L’ouvrage de Daniel Lindenberg lui rend aujourd’hui hommage de belle manière, convaincu que dans une histoire des années 1960 et de Mai 68 – Christian Bachmann milite ensuite aux (mythiques) Cahiers de mai, à la fois revue militante et organisation révolutionnaire –, son nom « méritait de retrouver sa véritable place, nonobstant son intransigeant “refus de parvenir” ». En effet, loin des préoccupations matérielles, ses livres et très nombreux rapports de sociologue sur les univers qu’il investissait souvent corps et âme – il a ainsi déménagé à la « Cité des 4000 » à la Courneuve pour mieux comprendre ceux qui y vivent – étaient d’abord l’expression d’un engagement politique et existentiel, et, comme le souligne Daniel Lindenberg, un moyen de « prolonger la révolte sur un autre plan ».
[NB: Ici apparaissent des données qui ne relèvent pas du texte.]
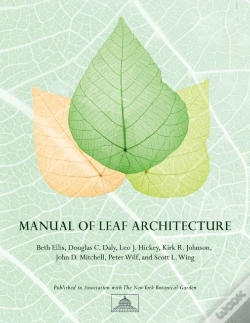 Capa do artigo Manual Of Leaf Architecture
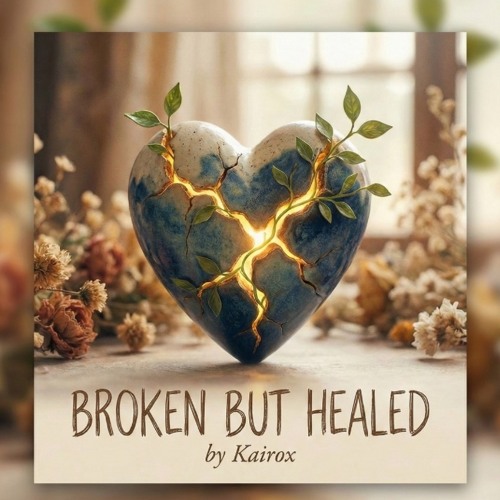 Stream Broken But Healed by Kairox | Listen online for free on SoundCloud
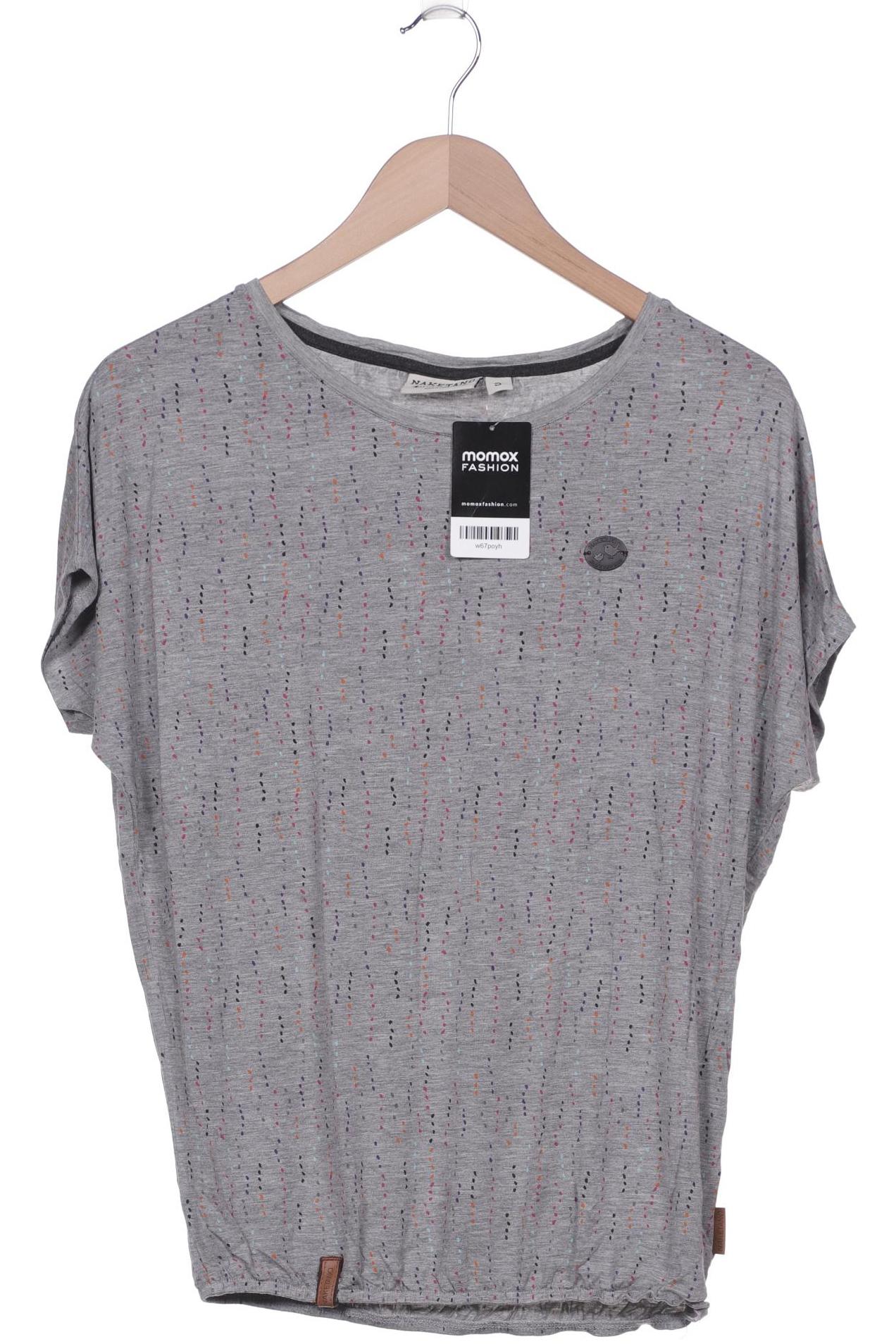 

Naketano Damen T-Shirt, grau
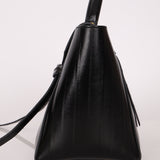 Celine Eel Skin Belt Bag Mini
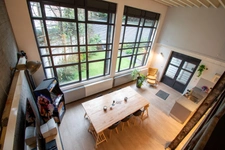 Exclusivité-02100 Saint-Quentin-LOFT 327m2- Classé en C - 4 chambres- 1 salle de bain-2 salles d'eau-Jardin-Garage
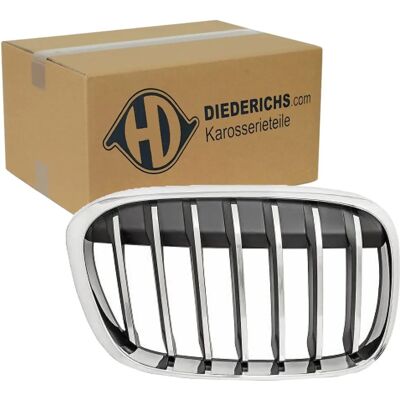 Diederichs 1266040 Kühlergrill - Autozubehör Diederichs 1266040 Kühlergrill - Autozubehör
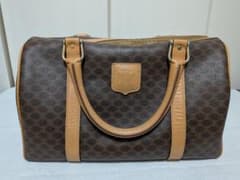 CELINE マカダム柄 ハンドバッグのサムネイル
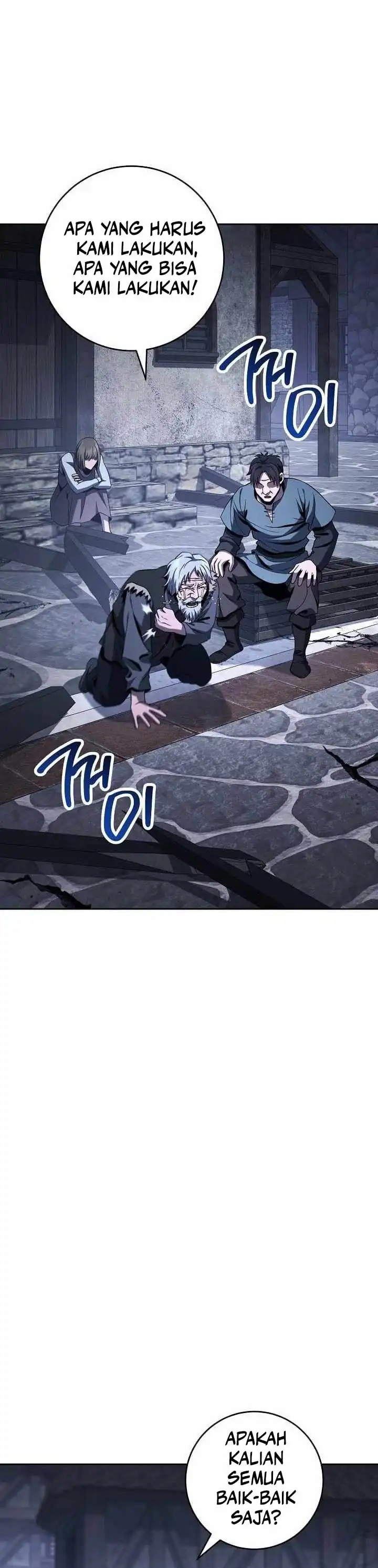 Skeleton Soldier Couldn’t Protect the Dungeon Chapter 359 halaman 57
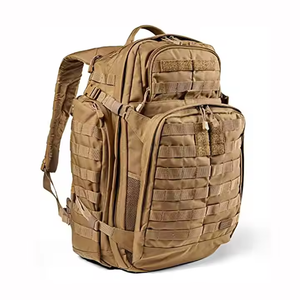 Mochila táctica impermeable de gran capacidad de 55L para senderismo al aire libre para aventuras y viajes - Product Image 1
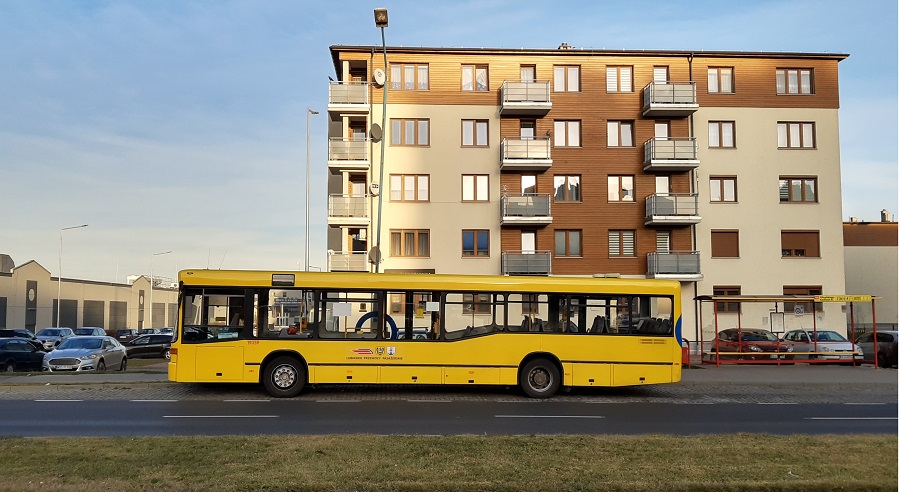 Mercedes-Benz O405N2 #19359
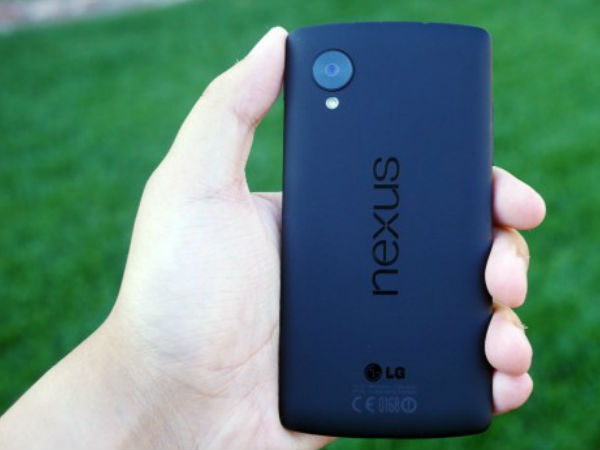 അടുത്ത ഗൂഗിളിന്റെ നെക്‌സസ് ഫോണ്‍ നിര്‍മിക്കുക എല്‍ജി ആയിരിക്കുമോ...!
Ce livre de souvenirs sur une époque dont on célèbre aujourd’hui le moment le plus symbolique, Mai 68, est donc l’occasion de (re)découvrir Christian Bachmann, décédé en 1997 et aujourd’hui peu connu du fait de son refus de se mettre en avant. L’une de ses amies fidèles, la sociologue Anne Coppel, le rappelait elle-même, dans un texte lu lors de son inhumation : avec son « intelligence vive et claire », donnée « sans compter à tous les passants et d’abord aux plus humbles d’entre eux » , Christian Bachmann « ne s’intéressait pas beaucoup à lui. Il avait d’autres choses à faire. Il était pressé par le temps. Il avait mis son intelligence “au service de la cause du peuple”, le mot d’ordre le faisait hurler de rire » . C’est une partie de ce rire et de ce « refus de parvenir » , allié à un engagement sincère, que restitue aujourd’hui, dans un style élégant et alerte, Daniel Lindenberg.

[^2]: Albin Michel, 1993, en poche chez Hachette-Pluriel.

[^3]: Albin Michel, 1989, réédité en Points-Seuil sous le titre les Drogues dans le monde.